It’s been a long week, and not a great running week. That’s sort of ok, coming off Orcas, but I would’ve liked a few more miles. I had a professional conference in Seattle, and I was the moderator of a panel of DHS officers, presenting in front of a bunch of attorneys. That’s a tough crowd and a tough panel, and it had my focus. It went fine, but I just had no extra time, without pushing myself sick, which I don’t do. Sometimes that's the way it goes. It sure was fun to visit Seattle.
Today I participated in a Washington Trails Association work party at Fragrance Lake. Some of the races out there require that runners perform eight hours of trail work. It's a good thing. I went ahead and fulfilled my requirement today, because the timing was right and I liked the idea of working on a trail I run regularly.
Every time I do a work party I come away feeling so good about it. This was probably the best work party I’ve done. The local trip leader for WTA is Arlen Bogaards, and he’s awesome. Some of my favorite comments by him: “I don’t want to lose another volunteer, so be safe.” “WTA: We Take Anyone.” We had eight folks on our crew, and as it turned out, four of us were Huxley students or grads. The others were older, and wiley with knots and stuff. Great group.
I got to drive up to Fragrance Lake, on the Fragrance Lake Road. That’s kind of cool—the second time I’ve done that. We made a “crib ladder.” A crib ladder is an elevated turnpike, whatever that means, which amounts to two longer logs framing the trail, with shorter logs under and over the logs, providing support, with rock and dirt fill.

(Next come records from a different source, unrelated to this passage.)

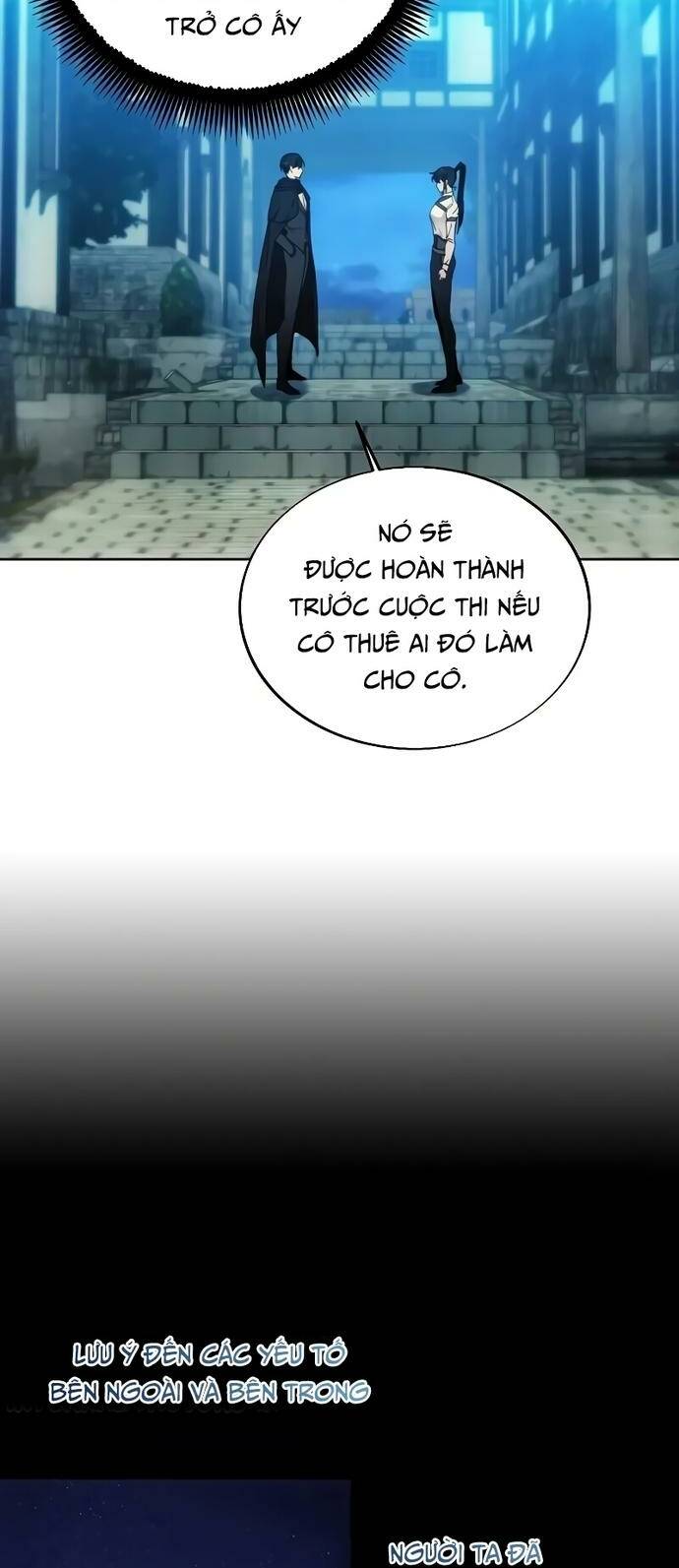 Chương 89 - Trang 25
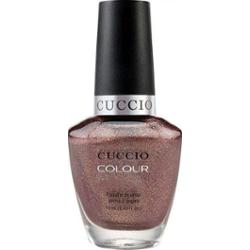 6074 Lakier 13 ml Bronzed Goddess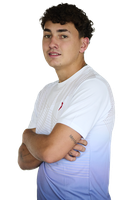 Guillermo Collado Losada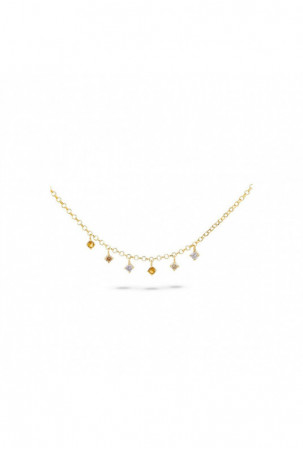 Moteriški karoliai Radiant...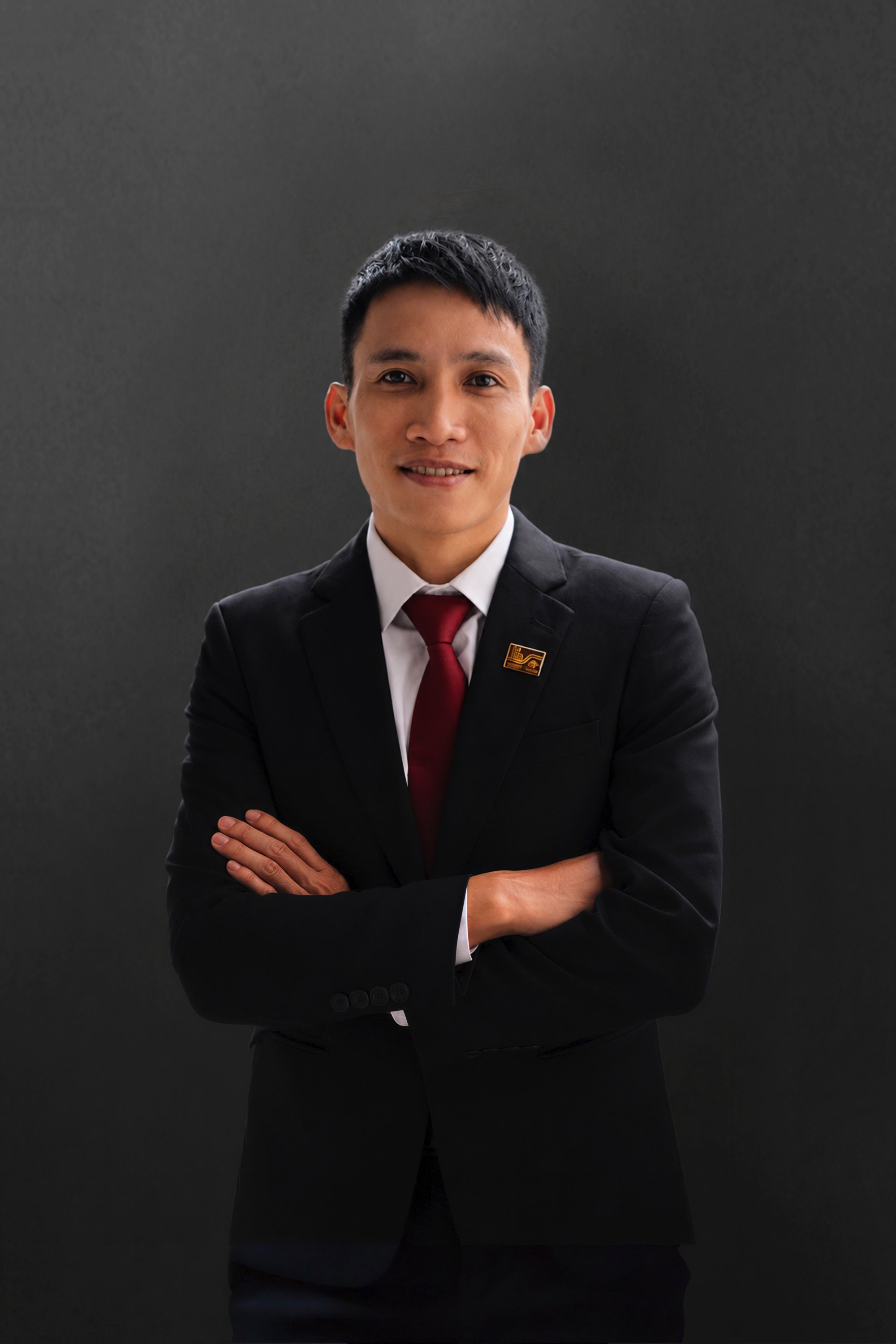 Vũ Ngọc Tuấn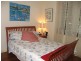 108 Fern St, Clovelly NSW 2031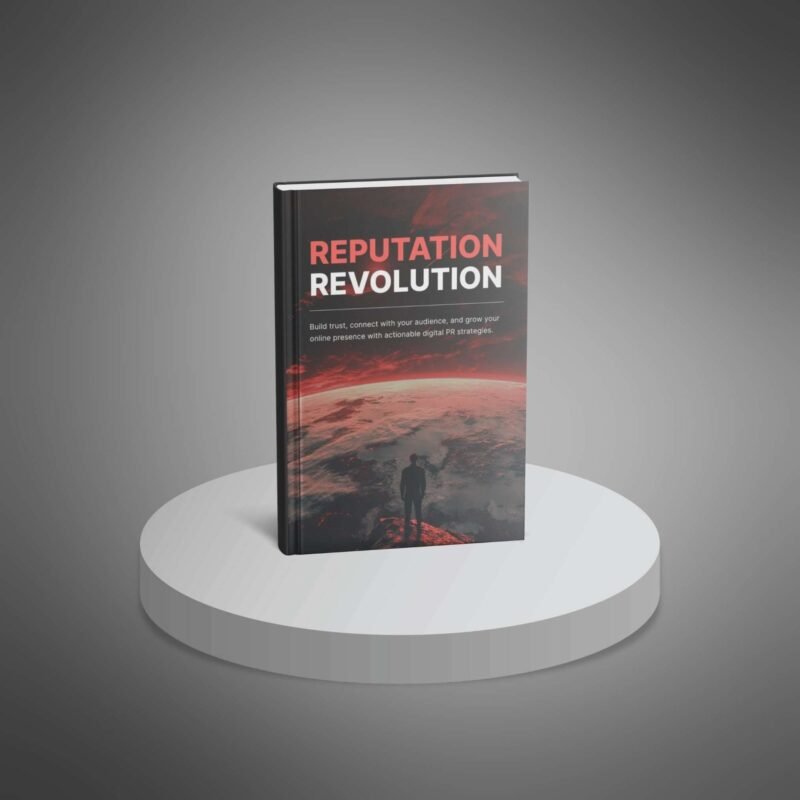 Reputation-Revolution-Book3.jpg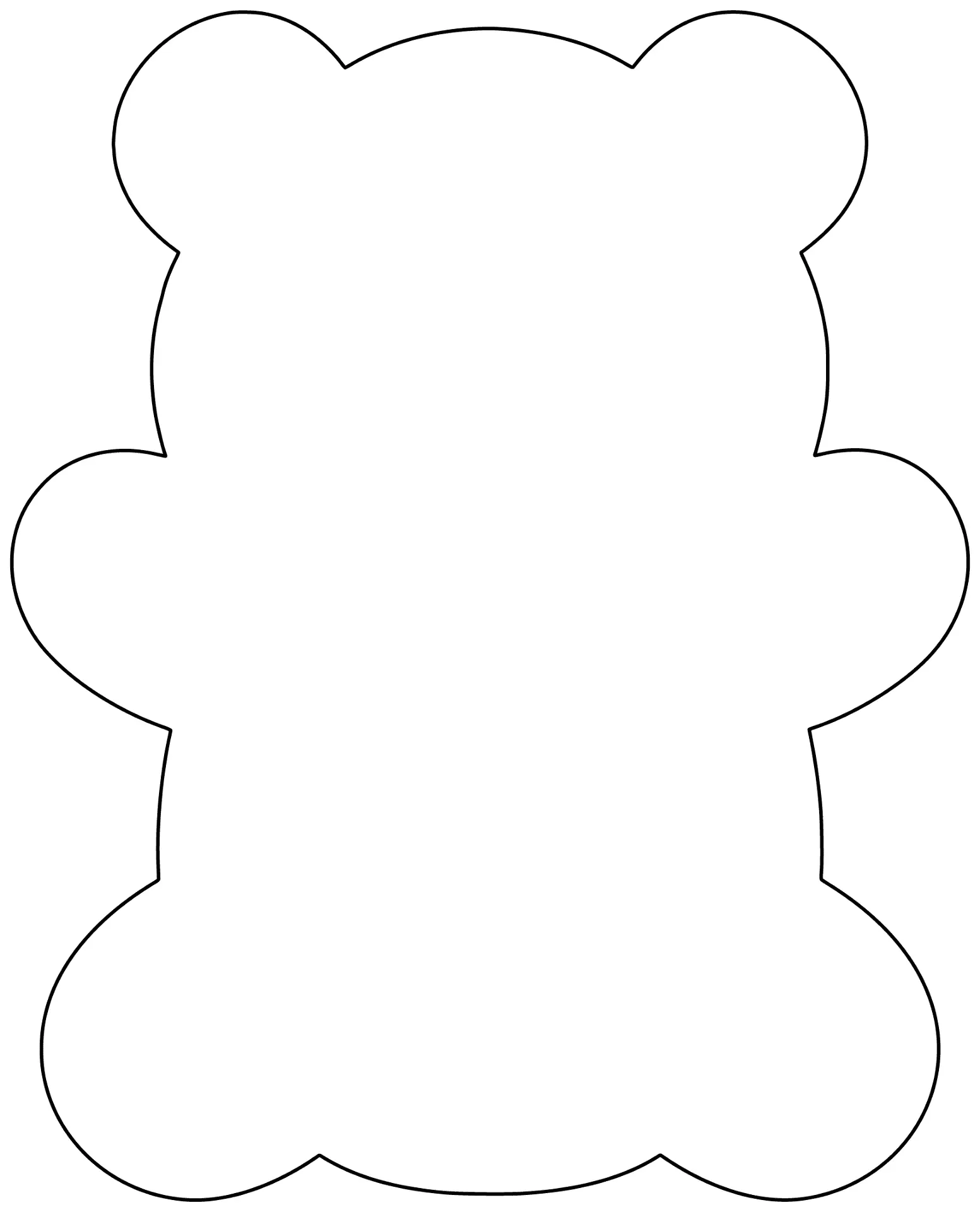 Toys and Dolls coloring pages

So, the first half of the day we spent moving three big cedar logs halfway around the Lake. This was really Amish, as we had straps and ropes, and all eight of us muscling the 500 pound logs down the trail. I mentioned the wheel, and also a float the log plan, but nobody bought in. At the site, we set up a zip line to ferry buckets of dirt and rocks from uphill to the crib. We also skinned and notched the logs, dug trenches, and lopped roots. It wasn't finished when we left, but it looked good, and another crew will finish it up tomorrow. We had barely any rain, barely any wind. Afterwards, I ran, finally.
Cue the Olympics. Just watched a short track speedskating heat. The winner went 1500 meters in 2:15. That seems fast. I might try to get up to the Olympics, just to catch the vibe. I heard yesterday that there’s a race over a hundred miles on a river in the Netherlands, but it’s with ice skates. It’s supposed to be a big deal. That might be worth looking into.
For the journal....Crew Leader Arlen's gracious summary, emailed to the crew afterwards:
A bold plan, a willing crew and a few straps, ropes and various tools is all it took to carry a half a ton of wood and move a small mountain of soil. At the end of the day, 12 feet of turnpike was taking shape, a beautiful piece of trail rising up out of the former muddy, rooty and slippery mess that once was. Thanks for your determination and GREAT attitudes, never really openly questioning my sanity (at least in front of me) concerning the daunting task proposed. Everyone quietly (although a few grunts and groans were audible) shouldered the load as we moved some really big and heavy logs. After getting the bones for our structure in place, Joe and Ally made quick work of peeling bark and along with Scott moved into the groundwork and precision notching of the logs. Meanwhile, Marty supervised the raising of the line and with his crack crew of Hugh, Paul and Brad, had rocks and dirt whizzing down to the worksite in record time. At the end of the day, the logs were in place and pinned and a great start to the approach and fill was accomplished. Thanks again to all of you for your help and the communication and safetymindedness (is that a word?) you all exhibited. Once again a testament to what a few willing folks can accomplish... and a bunch of fun to boot!!! Thanks again and I hope to see you out on trail sometime soon...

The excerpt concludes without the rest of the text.